# Lecture 6: Self-Supervised Learning for Speech Representation

## Motivation

- Speech Datasets with label transcriptions can be scarce and can be costly depennding on the task.
- At the same time, we have an abundant of unlabeled available speech data.

## Learning

+ ***Supervised Learning***
+ ***Unsupervised Learning***
+ ***Self-Supervised Learning:***

    Between both, we have data without labels, but what we do is we use the data istelf to create 'pseudo-labels' (aka. pretext task) to train in a 'supervised' way.

    Eg. Given a speech that we mask, we predict what is the next word/frame using the model, so the model learns some understanding of the features present in the data.

    ### Typical Model Archietcture

    Raw waveform, frames and windowed, given to CNN to get the latent speech representations (local representations) Z, which are then given to a transformer that autoencodes the data and gives us context representations.

    ### Training Methods

    - Generative Architecture:

        We have two compatible signals X & Y, we encode X, then we would want to reconstruct parts of the signal Y.

        + Wav2vec: It solves a next time-step prediction task. The model learns to distinguish a sample $z_{i+k}$ that is k steps into the future from distractor samples drawn from a proposal distribution. 

        + Wav2vec2.0: It solved a contrastive task defined over a quantization of the latent representations Z. Instead of predicting next time steps, we mask part of the input and ask the model to predict what is in this masked region. Quantization is 'Vocabulary', notebook for the speech.

        + Bert (Text): A sentence in which we mask a word (sequence of words) and the model predicts what is the most probable word in that masked region.

        + HuBERT: We encode Speech using CNNs, mask a region, then ask it to predict the masked region. We only predict the loss for the masked regions.

        + WavLM: Same as HuBERT, but we add noise to the speech before encoding it.

    - Joint-Embedding Architecture:

        Instead of predicting/reconstructing the output signal using the input (masked) signal, we have two compatible signals X & Y, we have two encoders, we want them to encode similar embeddings for compatible signal inputs, and dissimilar embeddings for incompatible input signals. 

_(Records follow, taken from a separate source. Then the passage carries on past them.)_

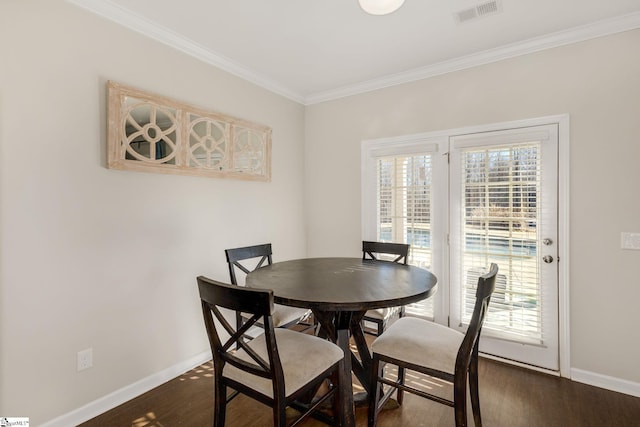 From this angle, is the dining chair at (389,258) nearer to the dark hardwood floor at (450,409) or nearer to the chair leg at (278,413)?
the dark hardwood floor at (450,409)

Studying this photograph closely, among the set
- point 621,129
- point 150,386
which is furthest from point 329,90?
point 150,386

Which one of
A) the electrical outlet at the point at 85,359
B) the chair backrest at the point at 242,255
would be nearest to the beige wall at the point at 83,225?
the electrical outlet at the point at 85,359

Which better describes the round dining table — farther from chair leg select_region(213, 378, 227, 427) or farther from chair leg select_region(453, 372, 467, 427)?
chair leg select_region(213, 378, 227, 427)

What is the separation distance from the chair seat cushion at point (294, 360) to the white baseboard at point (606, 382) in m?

        + BYOL: Image $\rightarrow$ Speech. Augment input signal in two different ways, connected to an Online Network and a Target Network, encode the input signals, and the goal is to encode the same thing for these two augmented signals, basically ignore the noise and focus on the signal.

    - Joint-Embedding Predictive Architecture:

        Combines both architectures. We now have compatible signals, two encoders, but once we have encoded X, we want to predict the embeddings of the Y signal.

        + Data2vec: Image, Speech & Language. Student Network and a Teacher Network. Teacher Network is getting the full input signal. The Student gets a masked version of the input signal for which we predict the masked region's embeddings.


## Why does SSL work?

- It can make use of very large amounts of data, it is not bounded with unlabeled data. Transformer architecture is well suited to learn context & embeddings. The fact that we ask it to predict audio makes it learn useful representation learning that encodes useful information for the given task.

## Model Evaluation

Since the models' outputs are just representations, how do we benchmark them?

We encode audio using the models, then take these representations, and train smaller models for specific tasks with these representations (being the labels) and see how well these models perform on the given task.

+ SUPERB Benchmark - A wide range of tasks regarding speech
+ HEAR Benchmark - A wide range of tasks regarding general audio 

## SSL for Synthesis

Synthesis is where we generate new audio/speech waveforms.

- Voice Conversion: Audio to Audio

    We encode the speech, extract the acoustic features, then pass through the conversion model, get the converted acoustic features, Vocoder, and we get the converted speech audio.

    The Challenge is the encoder/decoder. Artifacts introduced by the encoder and vocoder...

    Voice Conversion Model? Frames are linearly close if the phonetic/linguistic information is similar, even though the voice is different.

    - kNN-VC: We have a source audio signal, and a target speaker audio signal. Then we use kNN to get the k closest samples to the source audio signal in the target audio signal and then take their average as the converted signal. This works well for zero-shot conversion.   

- Text-to-Speech: Text to Audio

    We encode the text input, extract the linguistic features and pass them through an acoustic model, then pass the acoustic features through a similar type of vocoder in order to generate the speech output audio.

    - kNN-TTS: We have source input text embeddings, and a target speaker audio signal. Then we use kNN to get the k closes samples to the source speaker features in the target audio signal and then take their average as the converted signal, but sometimes we would want to interpolate the selected features with the source speaker features in order for the voice to be more controlled & mixed (eg. 25% source voice, 75% target voice).

## Summary

- Self-supervised learning enables learning useful general speech representations from unlabeled data that can be used in a wide range of tasks.

- Benchmarks that evaluate these models showed that they are improving performance in the given tasks, especially when labelled data is scarce.

- Very good representations can simplify task-specific models.